Rob noticed she didn’t seem winded by the rapid climb. “So you don’t get many injures like Ali’s?”

“To be perfectly honest, I have never seen a case like Ali’s and I’ve only read about a very few in the literature. Most of them were adults involved in motor vehicle accidents. The vast majority of people who sustain enough trauma to tear apart an internal structure of the heart don’t survive.

“The fact that Ali has is amazing. Two of the cases I studied healed on their own. Two required surgery to repair the tear when they began to show signs of fluid buildup in the lung. Three others died due to heart tissue death after approximately four days. However, Ali’s operation will be the same as for a simple VSD repair.”

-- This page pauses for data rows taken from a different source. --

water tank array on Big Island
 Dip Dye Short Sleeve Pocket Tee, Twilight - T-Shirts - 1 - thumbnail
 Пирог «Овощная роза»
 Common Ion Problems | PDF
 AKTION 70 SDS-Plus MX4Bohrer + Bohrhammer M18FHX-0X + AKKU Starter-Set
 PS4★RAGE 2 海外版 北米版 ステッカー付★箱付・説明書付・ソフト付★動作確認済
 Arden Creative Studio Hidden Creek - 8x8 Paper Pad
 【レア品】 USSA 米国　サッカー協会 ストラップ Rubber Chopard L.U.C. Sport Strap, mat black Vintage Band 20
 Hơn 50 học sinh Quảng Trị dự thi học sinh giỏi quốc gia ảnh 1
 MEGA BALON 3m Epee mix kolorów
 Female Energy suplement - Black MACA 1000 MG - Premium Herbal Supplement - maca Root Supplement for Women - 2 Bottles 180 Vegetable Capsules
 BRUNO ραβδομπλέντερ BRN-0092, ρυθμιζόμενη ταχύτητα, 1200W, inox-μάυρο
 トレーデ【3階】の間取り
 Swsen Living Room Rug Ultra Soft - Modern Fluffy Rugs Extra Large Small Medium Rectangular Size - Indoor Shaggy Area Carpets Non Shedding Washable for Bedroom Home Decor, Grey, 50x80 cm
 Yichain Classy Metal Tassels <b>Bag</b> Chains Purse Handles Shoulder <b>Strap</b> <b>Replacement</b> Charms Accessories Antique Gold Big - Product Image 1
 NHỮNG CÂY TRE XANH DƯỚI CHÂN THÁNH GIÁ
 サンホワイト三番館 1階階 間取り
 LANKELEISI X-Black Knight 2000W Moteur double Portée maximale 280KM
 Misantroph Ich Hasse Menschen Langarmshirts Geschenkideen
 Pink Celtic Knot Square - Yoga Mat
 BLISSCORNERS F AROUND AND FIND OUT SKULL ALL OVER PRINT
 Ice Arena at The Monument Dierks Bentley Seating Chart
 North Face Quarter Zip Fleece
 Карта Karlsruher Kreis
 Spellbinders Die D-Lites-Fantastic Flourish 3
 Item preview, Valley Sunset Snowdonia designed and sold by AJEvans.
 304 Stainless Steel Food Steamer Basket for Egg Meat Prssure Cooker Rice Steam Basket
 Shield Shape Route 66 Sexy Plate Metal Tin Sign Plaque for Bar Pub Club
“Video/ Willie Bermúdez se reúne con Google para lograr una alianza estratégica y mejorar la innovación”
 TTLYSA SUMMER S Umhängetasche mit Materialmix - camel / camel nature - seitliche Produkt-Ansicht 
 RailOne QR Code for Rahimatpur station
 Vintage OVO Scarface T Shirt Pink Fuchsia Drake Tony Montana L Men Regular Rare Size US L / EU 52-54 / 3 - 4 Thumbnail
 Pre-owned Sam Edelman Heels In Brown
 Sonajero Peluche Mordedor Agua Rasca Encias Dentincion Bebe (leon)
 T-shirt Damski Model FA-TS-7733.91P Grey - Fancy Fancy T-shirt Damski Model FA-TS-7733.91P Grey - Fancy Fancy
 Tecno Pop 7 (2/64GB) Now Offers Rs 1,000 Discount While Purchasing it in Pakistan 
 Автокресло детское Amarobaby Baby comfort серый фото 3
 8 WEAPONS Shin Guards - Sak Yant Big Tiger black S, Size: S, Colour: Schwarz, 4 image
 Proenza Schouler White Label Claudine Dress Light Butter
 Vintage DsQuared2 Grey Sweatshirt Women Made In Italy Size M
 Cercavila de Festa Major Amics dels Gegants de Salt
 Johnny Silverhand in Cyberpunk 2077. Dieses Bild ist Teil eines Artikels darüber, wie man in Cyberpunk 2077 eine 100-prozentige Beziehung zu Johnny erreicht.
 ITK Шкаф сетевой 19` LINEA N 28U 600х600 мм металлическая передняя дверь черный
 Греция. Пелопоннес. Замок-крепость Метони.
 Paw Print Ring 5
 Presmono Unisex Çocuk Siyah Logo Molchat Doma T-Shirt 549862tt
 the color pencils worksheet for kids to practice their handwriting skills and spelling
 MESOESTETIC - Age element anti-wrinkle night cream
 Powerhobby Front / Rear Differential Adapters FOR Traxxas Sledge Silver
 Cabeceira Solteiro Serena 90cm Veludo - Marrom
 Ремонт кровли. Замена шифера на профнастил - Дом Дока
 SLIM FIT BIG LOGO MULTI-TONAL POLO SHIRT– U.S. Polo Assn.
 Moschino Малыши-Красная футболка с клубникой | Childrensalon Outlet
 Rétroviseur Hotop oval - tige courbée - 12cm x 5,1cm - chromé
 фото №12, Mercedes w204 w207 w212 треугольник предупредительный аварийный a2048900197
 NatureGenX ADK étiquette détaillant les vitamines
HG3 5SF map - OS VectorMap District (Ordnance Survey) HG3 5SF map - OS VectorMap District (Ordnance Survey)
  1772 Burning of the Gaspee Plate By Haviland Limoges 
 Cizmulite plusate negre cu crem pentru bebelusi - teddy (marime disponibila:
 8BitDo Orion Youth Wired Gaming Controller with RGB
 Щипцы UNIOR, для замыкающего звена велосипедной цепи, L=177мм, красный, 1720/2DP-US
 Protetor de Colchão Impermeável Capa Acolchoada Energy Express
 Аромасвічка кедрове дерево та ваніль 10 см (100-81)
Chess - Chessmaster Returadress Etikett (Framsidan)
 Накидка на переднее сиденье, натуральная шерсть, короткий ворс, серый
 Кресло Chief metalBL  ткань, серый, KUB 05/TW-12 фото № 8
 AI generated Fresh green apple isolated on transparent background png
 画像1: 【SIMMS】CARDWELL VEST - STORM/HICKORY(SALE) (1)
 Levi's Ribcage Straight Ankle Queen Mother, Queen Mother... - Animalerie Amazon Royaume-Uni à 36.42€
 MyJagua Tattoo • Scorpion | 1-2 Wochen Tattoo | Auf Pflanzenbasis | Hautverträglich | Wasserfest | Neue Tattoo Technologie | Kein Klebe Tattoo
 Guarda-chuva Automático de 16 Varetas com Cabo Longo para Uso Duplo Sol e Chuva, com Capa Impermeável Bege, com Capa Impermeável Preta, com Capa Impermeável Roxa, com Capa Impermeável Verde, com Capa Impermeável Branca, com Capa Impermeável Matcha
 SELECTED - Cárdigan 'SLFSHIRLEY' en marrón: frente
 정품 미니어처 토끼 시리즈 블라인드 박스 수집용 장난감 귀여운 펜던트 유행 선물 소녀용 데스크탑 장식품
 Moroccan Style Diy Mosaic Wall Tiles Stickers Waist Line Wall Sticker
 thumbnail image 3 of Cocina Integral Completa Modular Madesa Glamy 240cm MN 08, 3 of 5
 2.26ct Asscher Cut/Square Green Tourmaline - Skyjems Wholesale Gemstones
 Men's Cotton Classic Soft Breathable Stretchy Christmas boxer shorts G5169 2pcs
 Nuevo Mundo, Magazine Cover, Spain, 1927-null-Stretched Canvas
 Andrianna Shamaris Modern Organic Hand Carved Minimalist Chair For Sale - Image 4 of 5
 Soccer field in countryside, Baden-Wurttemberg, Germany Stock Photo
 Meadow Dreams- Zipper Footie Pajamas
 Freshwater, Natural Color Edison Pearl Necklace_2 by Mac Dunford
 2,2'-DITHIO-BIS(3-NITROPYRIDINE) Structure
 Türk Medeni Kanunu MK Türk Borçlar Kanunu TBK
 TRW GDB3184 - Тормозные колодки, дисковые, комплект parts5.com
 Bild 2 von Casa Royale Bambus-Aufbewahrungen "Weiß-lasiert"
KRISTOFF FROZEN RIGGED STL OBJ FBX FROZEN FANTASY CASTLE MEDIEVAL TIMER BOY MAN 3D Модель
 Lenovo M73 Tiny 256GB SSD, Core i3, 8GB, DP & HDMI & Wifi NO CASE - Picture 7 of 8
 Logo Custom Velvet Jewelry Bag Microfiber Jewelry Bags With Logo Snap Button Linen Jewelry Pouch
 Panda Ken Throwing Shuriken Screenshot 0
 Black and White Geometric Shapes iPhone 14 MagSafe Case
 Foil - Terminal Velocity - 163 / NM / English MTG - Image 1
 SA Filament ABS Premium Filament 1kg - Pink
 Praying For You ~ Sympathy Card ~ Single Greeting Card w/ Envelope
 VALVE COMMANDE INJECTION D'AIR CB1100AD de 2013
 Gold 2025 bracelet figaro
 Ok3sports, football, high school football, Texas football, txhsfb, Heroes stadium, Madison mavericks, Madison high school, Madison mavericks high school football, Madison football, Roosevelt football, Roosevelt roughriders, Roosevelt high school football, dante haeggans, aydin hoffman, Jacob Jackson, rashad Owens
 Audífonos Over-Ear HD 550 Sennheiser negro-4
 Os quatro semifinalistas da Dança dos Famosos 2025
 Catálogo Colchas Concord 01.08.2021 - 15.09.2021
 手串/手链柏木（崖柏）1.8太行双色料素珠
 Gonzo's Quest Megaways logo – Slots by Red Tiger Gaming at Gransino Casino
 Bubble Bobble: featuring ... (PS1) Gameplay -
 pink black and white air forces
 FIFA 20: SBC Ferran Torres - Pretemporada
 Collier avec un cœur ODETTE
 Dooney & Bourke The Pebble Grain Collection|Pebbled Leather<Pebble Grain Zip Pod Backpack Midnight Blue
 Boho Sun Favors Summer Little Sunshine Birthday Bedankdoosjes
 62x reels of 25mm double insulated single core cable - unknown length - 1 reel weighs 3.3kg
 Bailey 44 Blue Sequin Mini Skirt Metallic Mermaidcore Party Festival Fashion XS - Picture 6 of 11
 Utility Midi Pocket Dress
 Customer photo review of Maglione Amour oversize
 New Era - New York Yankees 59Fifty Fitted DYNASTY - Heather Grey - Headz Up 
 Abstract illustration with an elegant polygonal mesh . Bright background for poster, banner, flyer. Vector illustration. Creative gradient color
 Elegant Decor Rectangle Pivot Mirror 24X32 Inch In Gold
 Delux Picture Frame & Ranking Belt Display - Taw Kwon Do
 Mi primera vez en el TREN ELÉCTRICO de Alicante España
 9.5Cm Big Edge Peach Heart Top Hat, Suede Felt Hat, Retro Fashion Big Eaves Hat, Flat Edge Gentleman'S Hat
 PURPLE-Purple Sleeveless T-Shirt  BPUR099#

“How can you operate on the kid if you haven’t had a case like this before? What’s a VSD?”

Nora paused outside a pair of wide double doors marked with PICU in large letters. “A VSD is a congenital cardiac defect.”

“You said that before.”

“And my answer was correct both times. We have several good handouts that we give to parents explaining the defects in detail and how they are repaired. I’ll make sure Carmen gets you some to study.”

“When do you see patients in your office?”

“Consults and a few follow-ups are scheduled once a week on Mondays. Ninety-five percent of my patients are direct admits to the PICU. Heart defects in children often go undetected until they are in crisis. Unless they have need of a second surgery in the future, I don’t normally see them after they leave the hospital.”